On August 28, 2008, Judge Vaughn Walker sentenced Ward to seven years and three months in federal prison. Judge Walker agreed to Ward's request that he be allowed to serve his time in the Federal Correctional Institution, Lompoc, to which the U.S. Attorney raised no objection. Judge Walker commented that Ward's alleged sexual misconduct while serving as a priest may go to character, but that the events happened too long ago to be relevant to his sentencing decision. He also said that he was not convinced sending Ward to prison is the best way to deal with an individual with such problems and that "very little good has come out of all this." Ward told Judge Walker that he took full responsibility for his actions and said, "I regret my actions, the harm they caused my family, my friends, and this community."

With good behavior, Ward's sentence of 87 months was reduced by 15 percent, making him eligible for Supervised Release on December 19, 2014; there is no parole in the Federal system. On release from prison California's Megan's Law designated Ward a registered sex offender. For the remainder of his life Ward must in-person notify and register with local law enforcement about his residing or staying in its jurisdiction and locale.

Ward served his sentence at the Federal Correctional Institution, Lompoc, a low-security federal prison in California. He was released on December 19, 2014.

==Personal beliefs==

===Religion===
On March 16, 1996, Ward discussed the confrontational tactics of the group ACT UP at a mosque, describing the group as a "collection of non-partisan individuals committed to direct action to end AIDS." He stated that "homosexuals had a good cause to make (against the Catholic Church)," and claimed that the church encouraged homophobia and homophobic actions. The church denied this, stating that they did not encourage homophobia or resistance against homosexuals, but merely taught that homosexual sex, because it is outside a marriage between a man and a woman, was immoral.

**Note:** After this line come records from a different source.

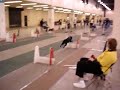 Jumpmasters - All Shook Up Flyball Team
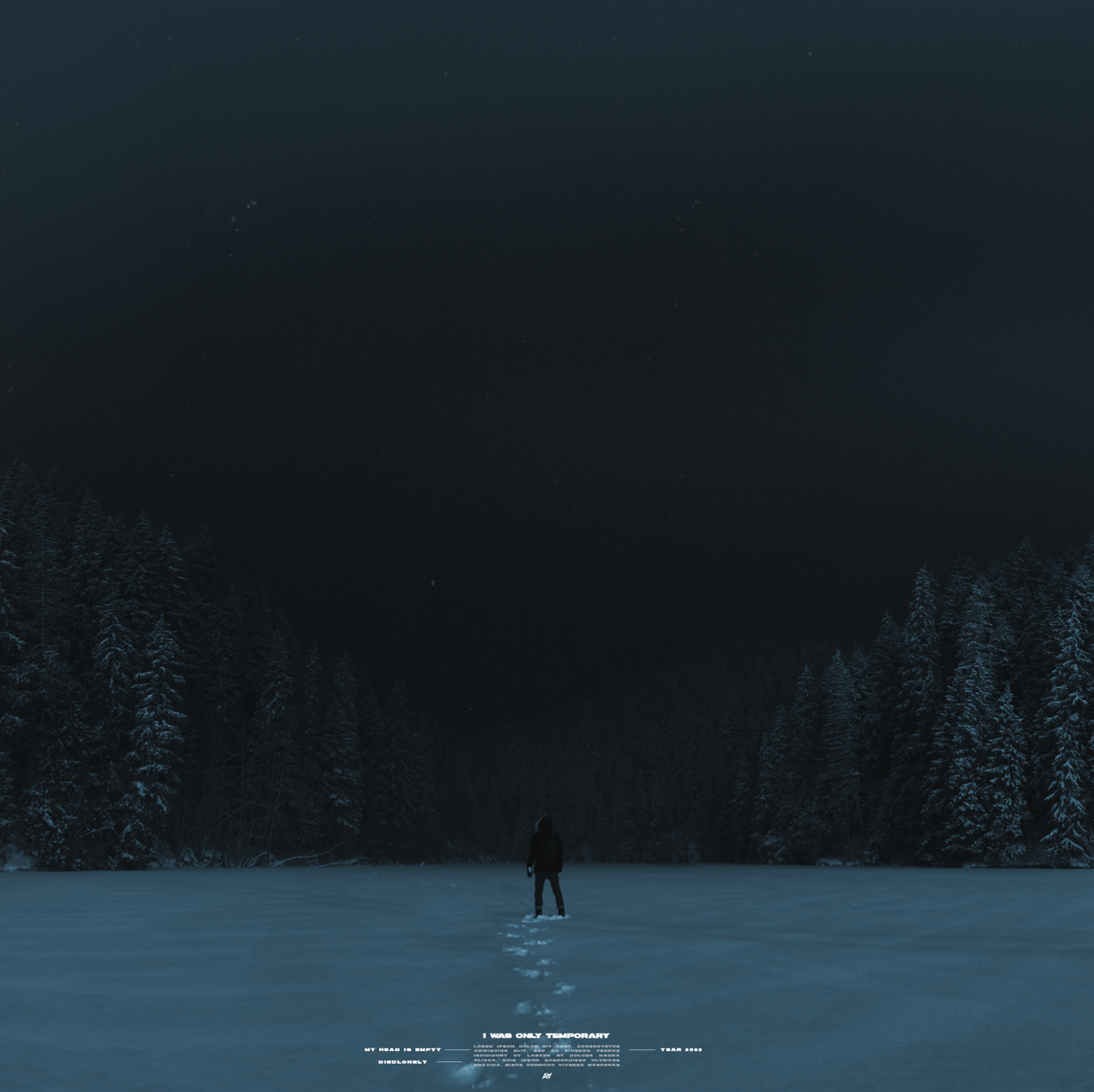 My head is empty life on hold. I was only temporary Slowed Reverb my head is empty.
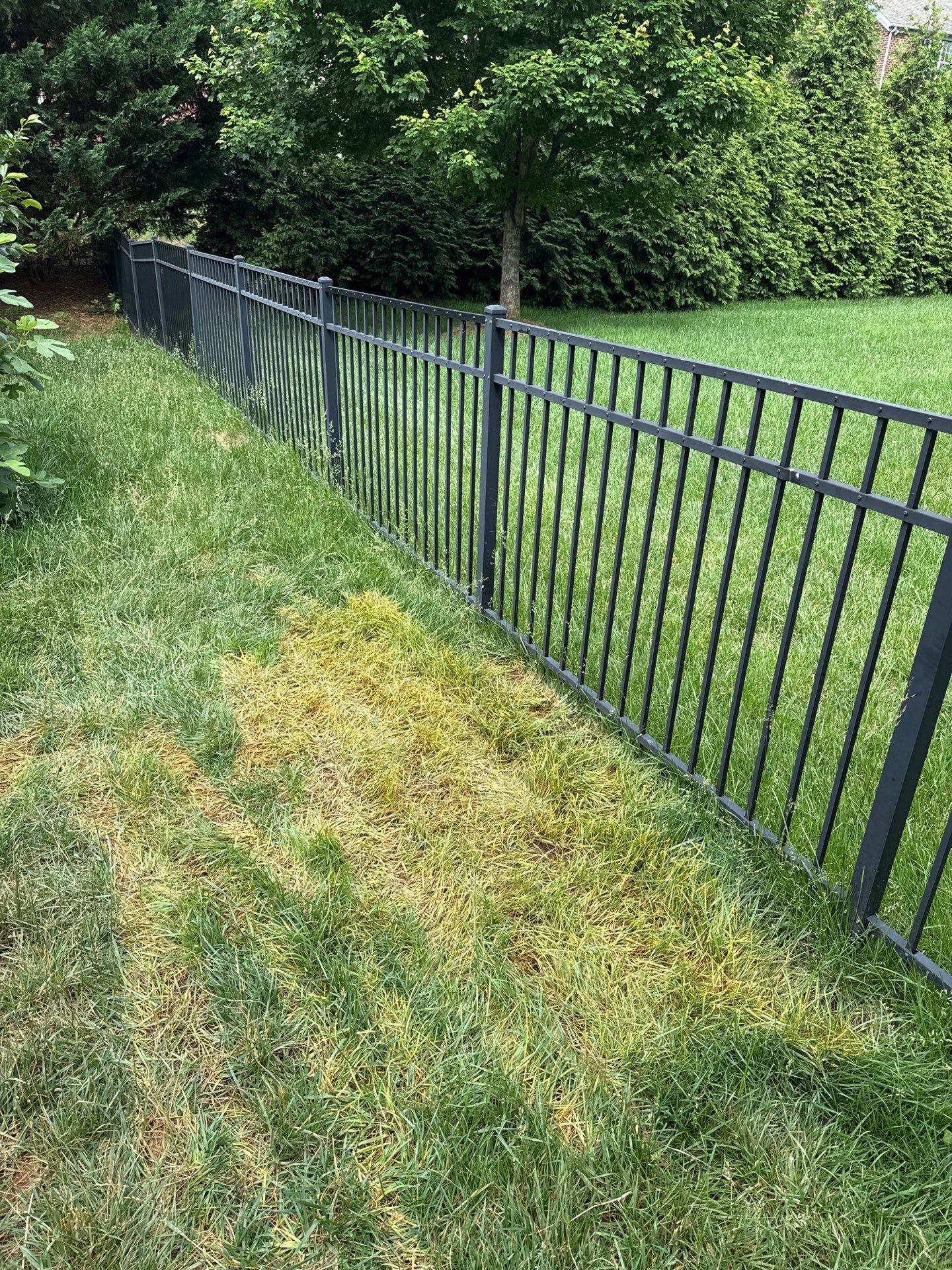 Project in Charlotte by Badger Hauling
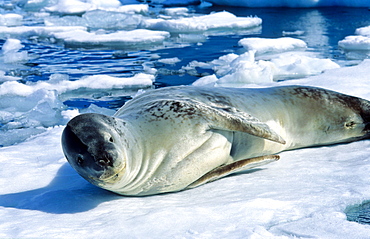 Leopard Seal (Hydruga leptonyx) lying and resting on ice. PlÃ©neau Island, Antarctica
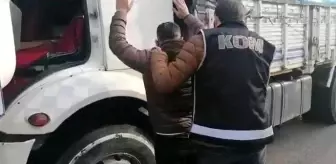 Kocaeli'de 11 milyon makaron ele geçirildi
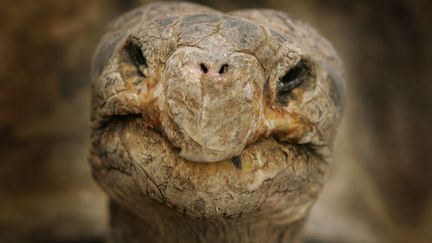 Actuellement, ces animaux se reproduisent en captivit&eacute;, sous contr&ocirc;le scientifique, dans les installations du parc naturel des Galapagos, o&ugrave; ils sont &eacute;lev&eacute;s jusqu'&agrave; l'&acirc;ge de 4 ou 5 ans. (MAXPPP)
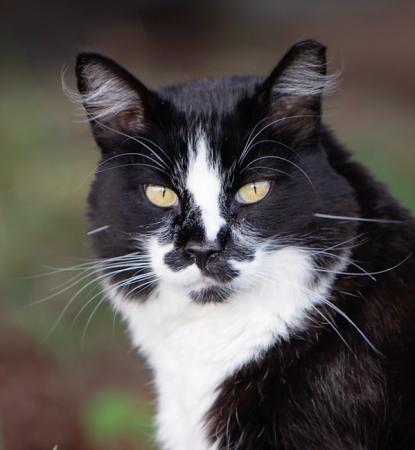 Cat outside in grass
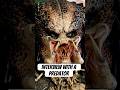 Interview with The Predator!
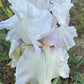 Bearded Iris Live Plant – 1 Fan | White Ruffled Bloom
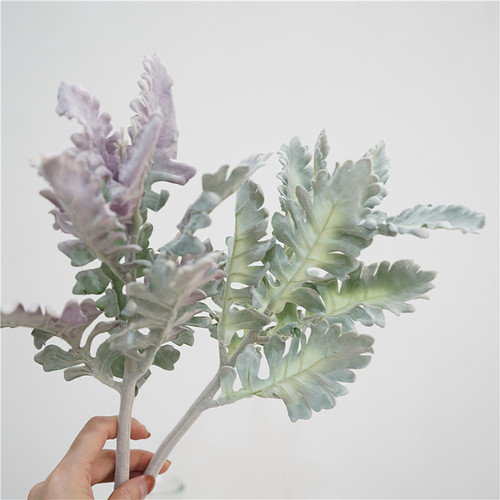 银叶菊欧式植绒叶材高质婚庆花艺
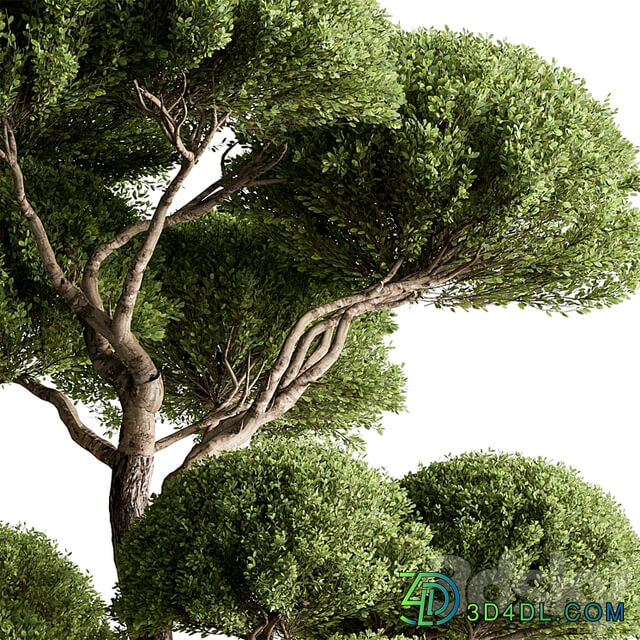 Indoor Plant 638 Topiary Ball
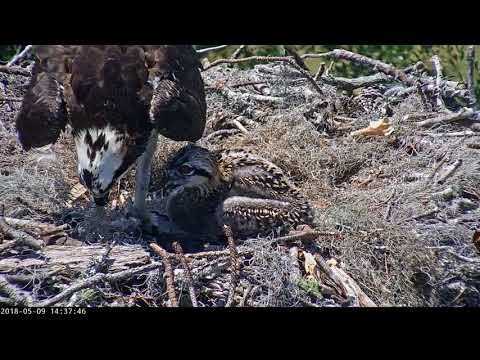 Feeding Time On Savannah Osprey Cam – May 9, 2018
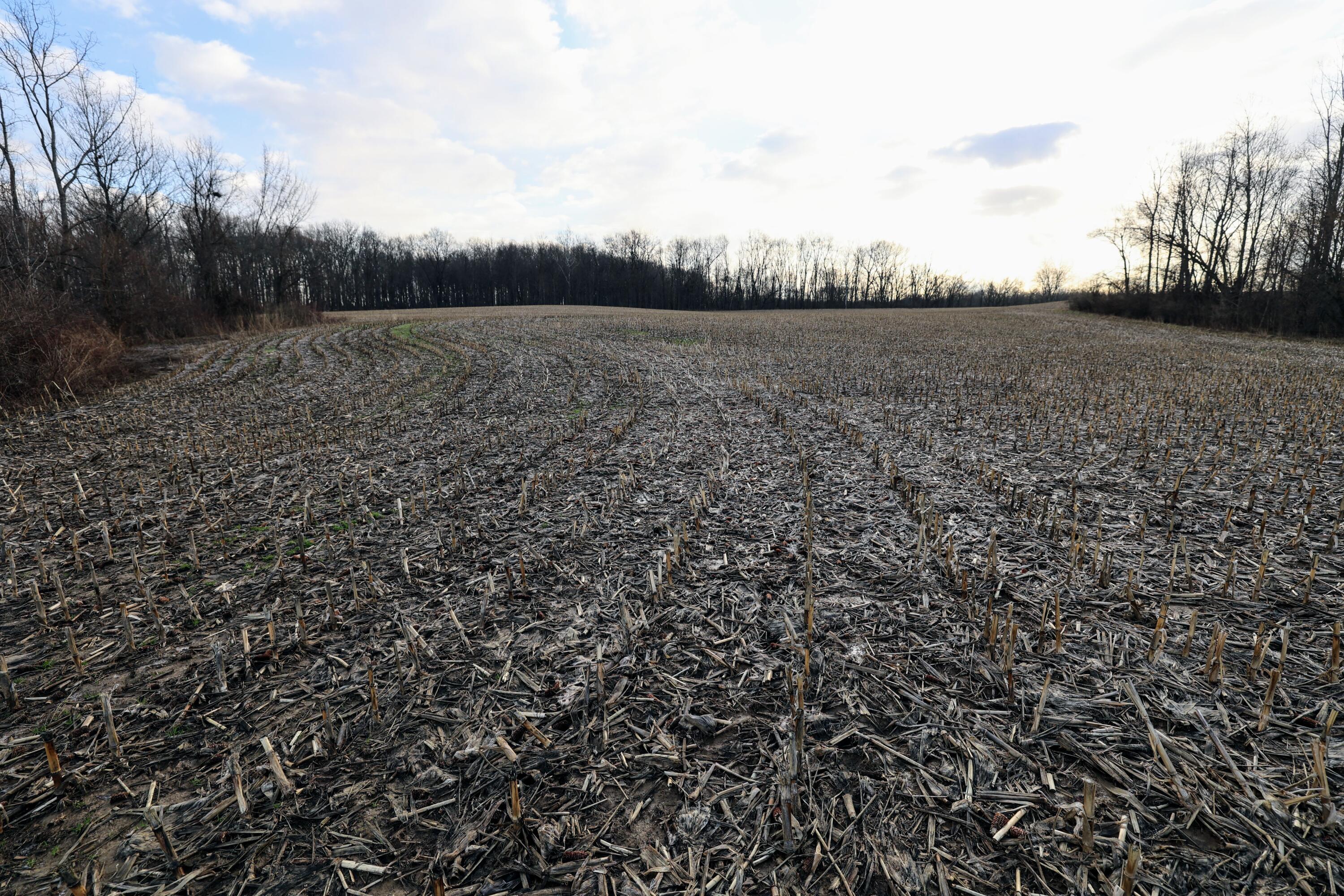 Vl West Glendora Road Buchanan, MI 49107 - Photo 16 of 55 16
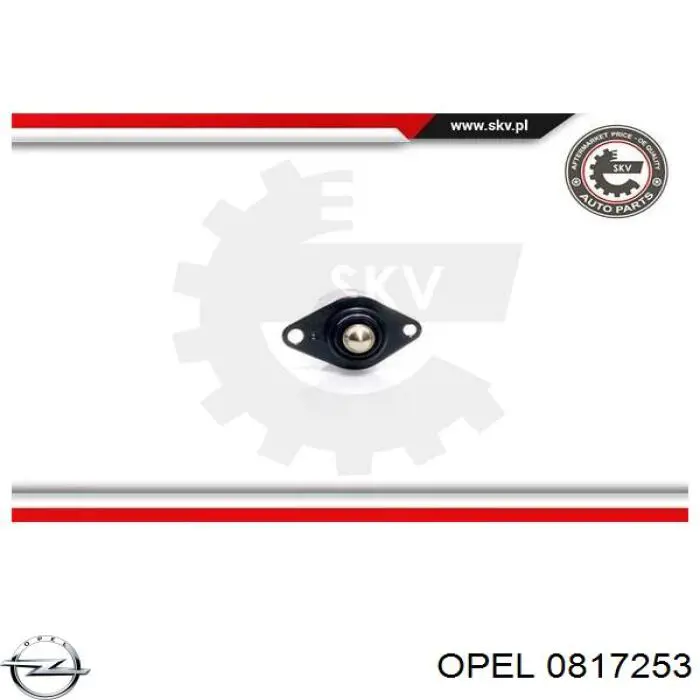 Регулятор холостого хода 0817253 Opel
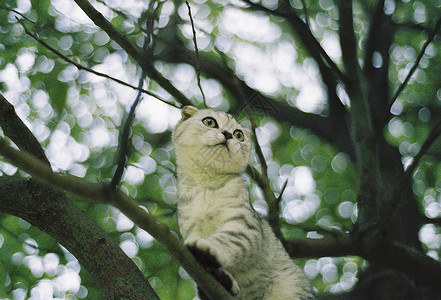 调皮白色小猫小猫爬树背景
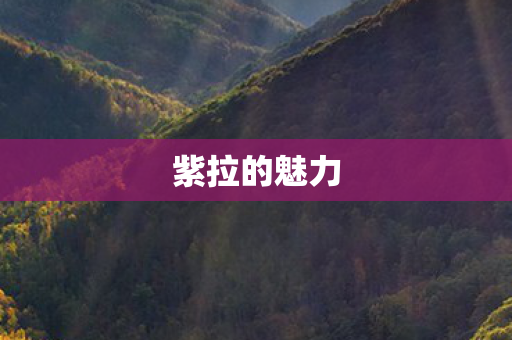 紫拉的魅力图片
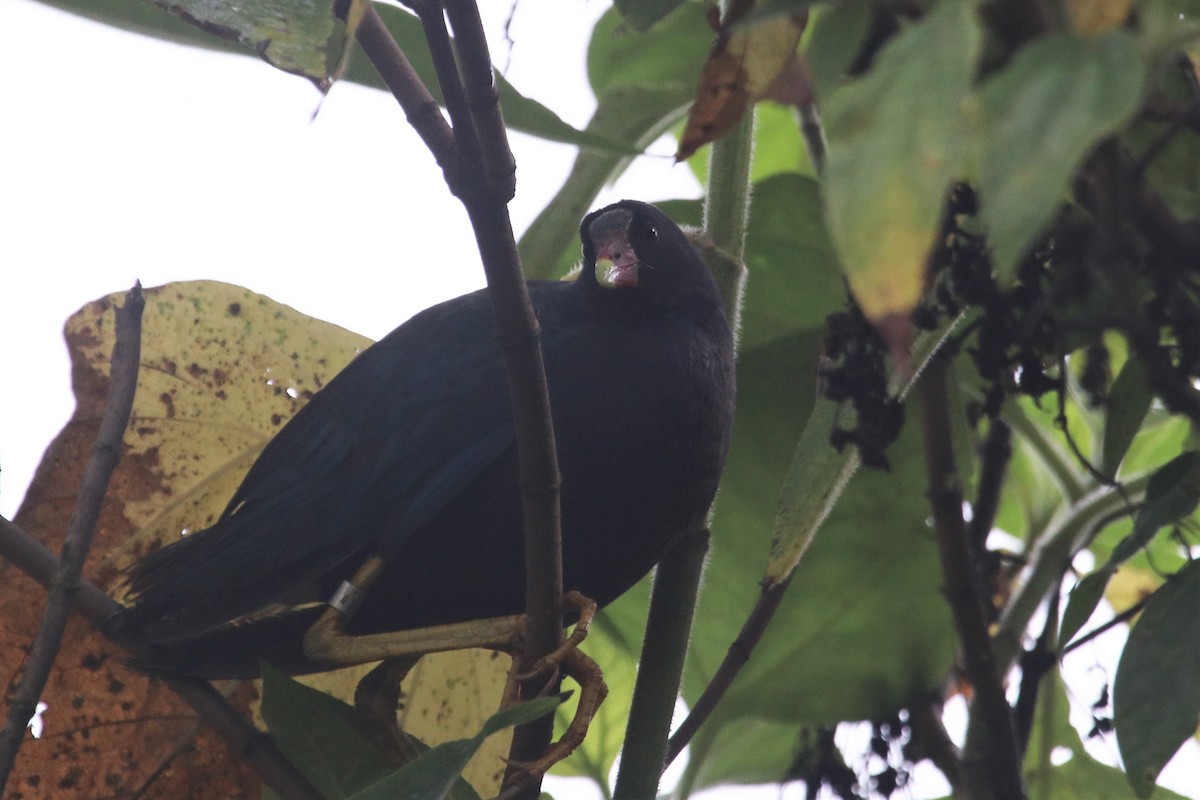 Purple Gallinule - ML616475670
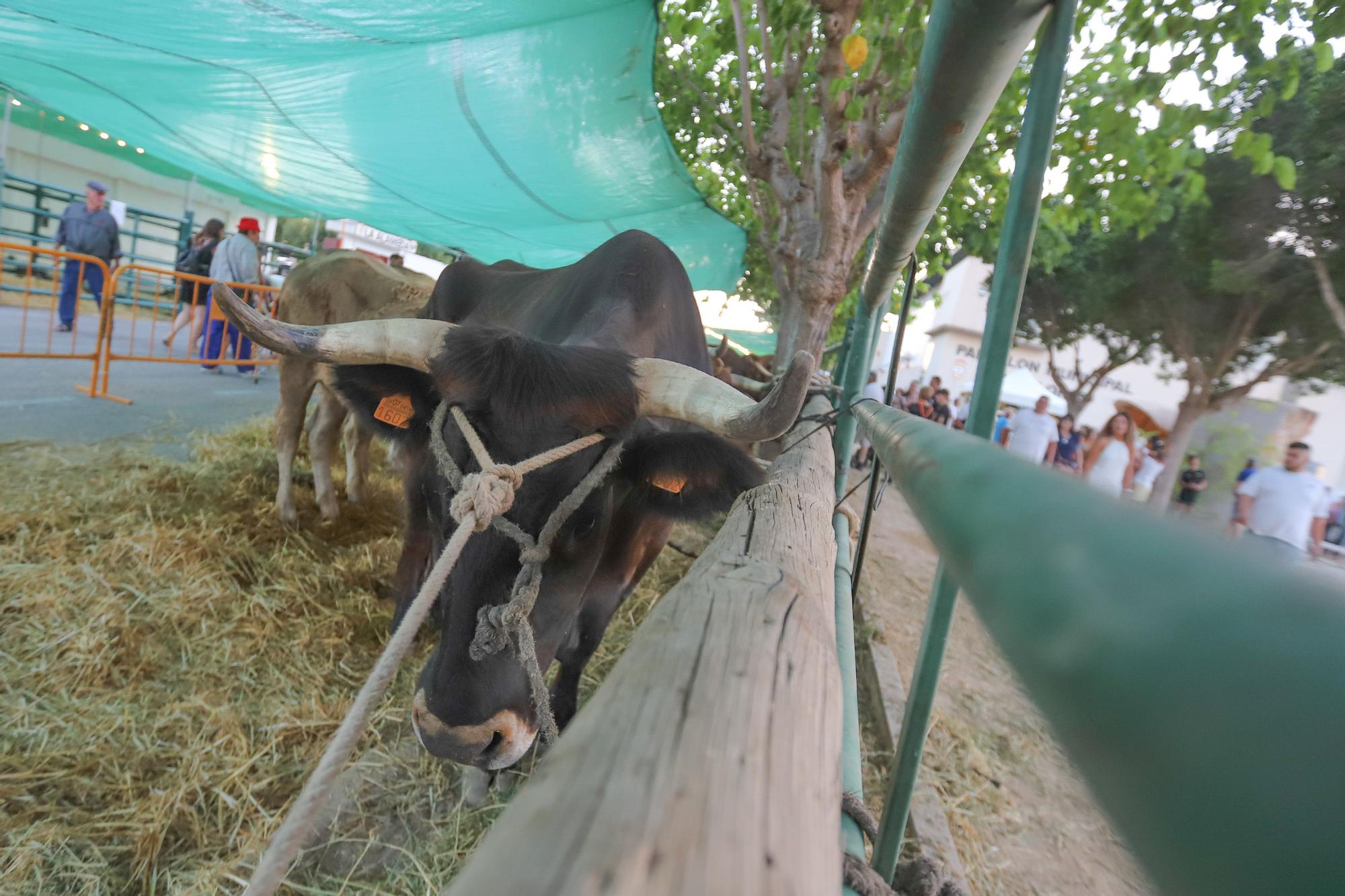 Feria del Ganado Dolores FEGADO 2022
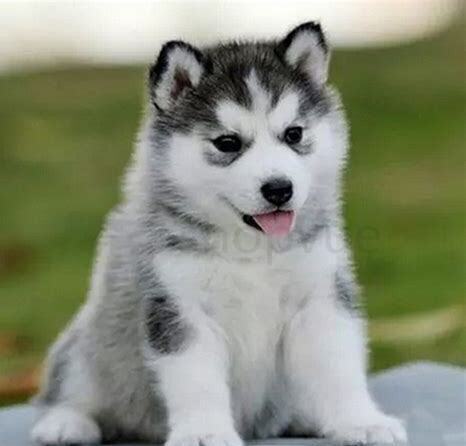哈士奇幼犬怎么养,以下饲喂方法要牢记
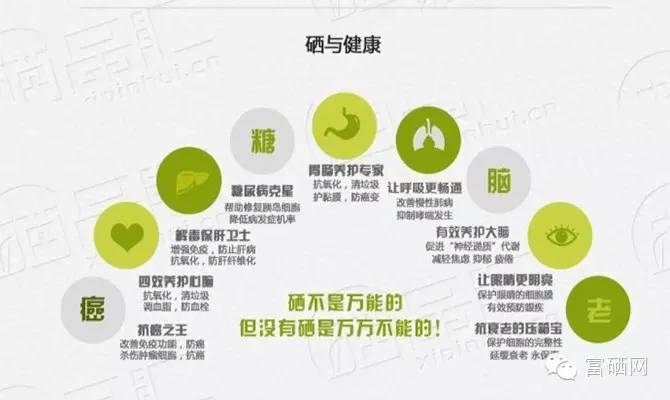 补硒改善循环吗（硒对脑循环的作用）-硒宝网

On December 9, 1996, Ward stated that Christianity was "morally superior" to Judaism because it was based on unconditional forgiveness. He offered apologies on his radio show on December 17 and again on the following day, the first being dismissed by the Jewish Community Relations Council and the second being accepted. Ward insisted that he did not have a problem with any individual religion, only with fundamentalists. He later compared fundamentalist Orthodox Judaism with Nazism on September 12, 2001, but offered an apology the following day.

===Iraq war===
On September 30, 2002, Ward appeared on CNN with Wolf Blitzer and discussed possible military action against Iraq. He commented about Saddam Hussein: "Hussein has not shown any threat to anyone" and that the "Kurds were prospering very well in the north even as al-Qaeda has used some of their connections with the Kurds."

===Causes===
He led a pledge drive for Thanksgiving Charities every year, which supported four charities in the San Francisco Bay Area: Sacred Heart Community Services in San Jose, St. Anthony's Foundation in San Francisco, St. Vincent De Paul dining room in Oakland, and Fresh Start in Walnut Creek. The charity drive began in the late 1980s and raised over $4 million in the following decades. Ward was also a participant in the KGO leukemia cure-a-thon, which has raised over $13 million for research into leukemia and lymphoma causes.

==Recognition==
Ward received the Scripps Howard Award for Excellence in Journalism for his investigative journalism in a 10-part series, Heaven Help Us, which explored allegations of financial and sexual misconduct of the Roman Catholic Archdiocese of San Francisco. He has also won numerous national awards, such as an Associated Press award for coverage of the 1992 Los Angeles riots.